But the divergences between them were great; the possibilities of friction many. Falloden was astonished to find that he disliked Otto’s little fopperies and eccentricities quite as much as he had ever done in college days; his finicky dress, his foreign ways in eating, his tendency to boast about his music, his country, and his forebears, on his good days, balanced by a brooding irritability on his bad days. And he was conscious that his own ways and customs were no less teasing to Radowitz; his Tory habits of thought, his British contempt for vague sentimentalisms and heroics, for all that panache means to the Frenchman, or “glory” to the Slav.
“Then why, in the name of common sense, are we living together?”

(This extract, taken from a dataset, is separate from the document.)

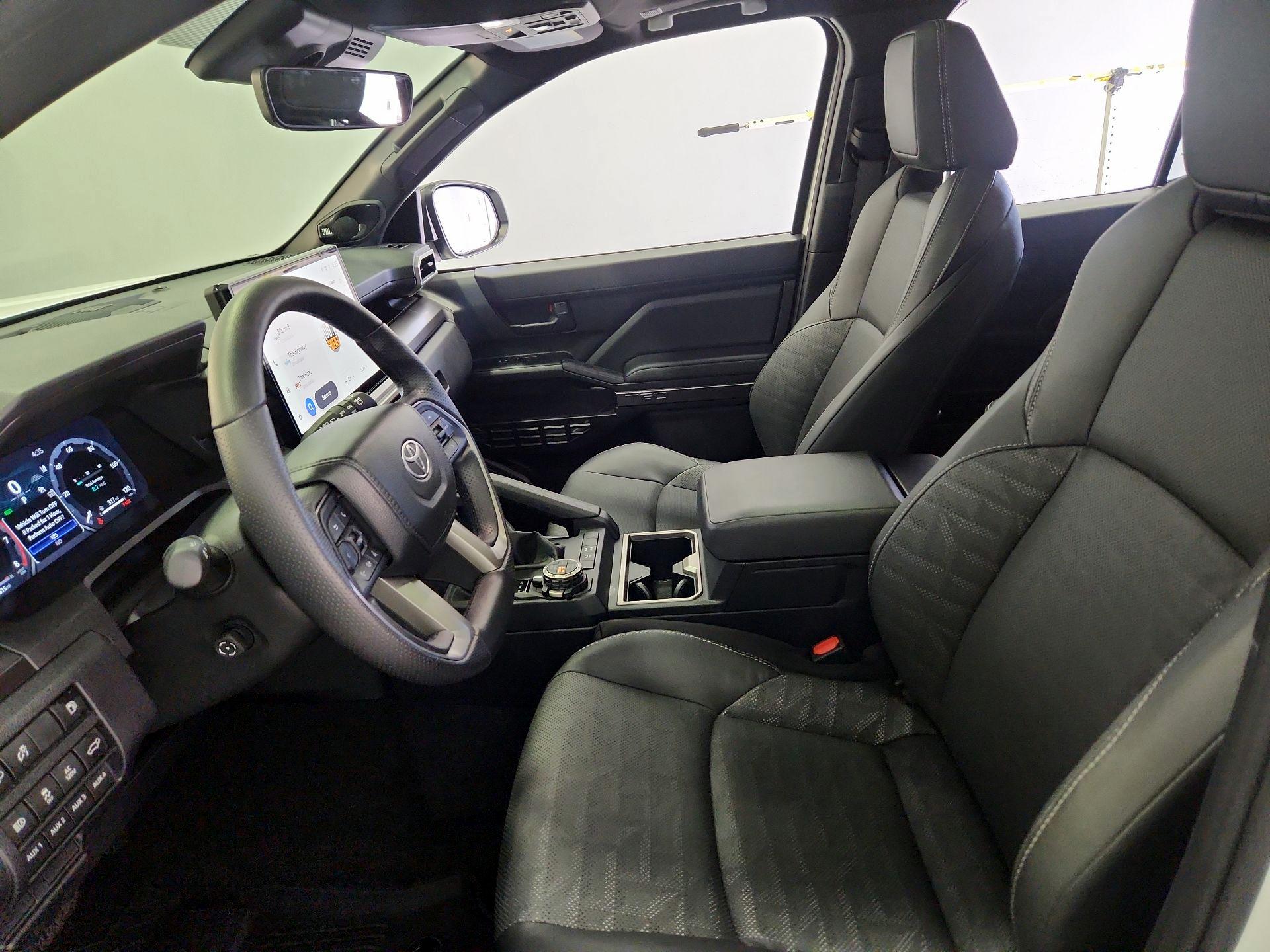 Thumbnail: 2025 Toyota 4Runner - 11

He could really give no answer but the answer of “necessity”—of a spiritual need—issuing from a strange tangle of circumstance. The helpless form, the upturned face of his dying father, seemed to make the centre of it, and those faint last words, so sharply, and, as it were, dynamically connected with the hateful memory of Otto’s fall and cry in the Marmion Quad, and the hateful ever-present fact of his maimed life. Constance too—his scene with her on the river bank—her letter, breaking with him—and then the soft, mysterious change in her—and that passionate, involuntary promise in her eyes and voice, as they stood together in her aunts’ garden—all these various elements, bitter and sweet, were mingled in the influence which was shaping his own life. He wanted to forgive himself; and he wanted Constance to forgive him, whether she married him or no. A kind of sublimated egotism, he said to himself, after all!
But Otto? What had really made him consent to take up daily life with the man to whom he owed his disaster? Falloden seemed occasionally to be on the track of an explanation, which would then vanish and evade him. He was conscious, however, that here also, Constance Bledlow was somehow concerned; and, perhaps, the Pole’s mystical religion. He asked himself, indeed, as Constance had already done, whether some presentiment of doom, together with the Christian doctrines of forgiveness and vicarious suffering, were not at the root of it? There had been certain symptoms apparent during Otto’s last weeks at Penfold known only to the old vicar, to himself and Sorell. The doctors were not convinced yet of the presence of phthisis; but from various signs, Falloden was inclined to think that the boy believed himself sentenced to the same death which had carried off his mother. Was there then a kind of calculated charity in his act also—but aiming in his case at an eternal reward?
“He wants to please God—and comfort Constance—by forgiving me. I want to please her—and relieve myself, by doing something to make up to him. He has the best of it! But we are neither of us disinterested.”
* * * * *
The manservant came out with a cup of coffee.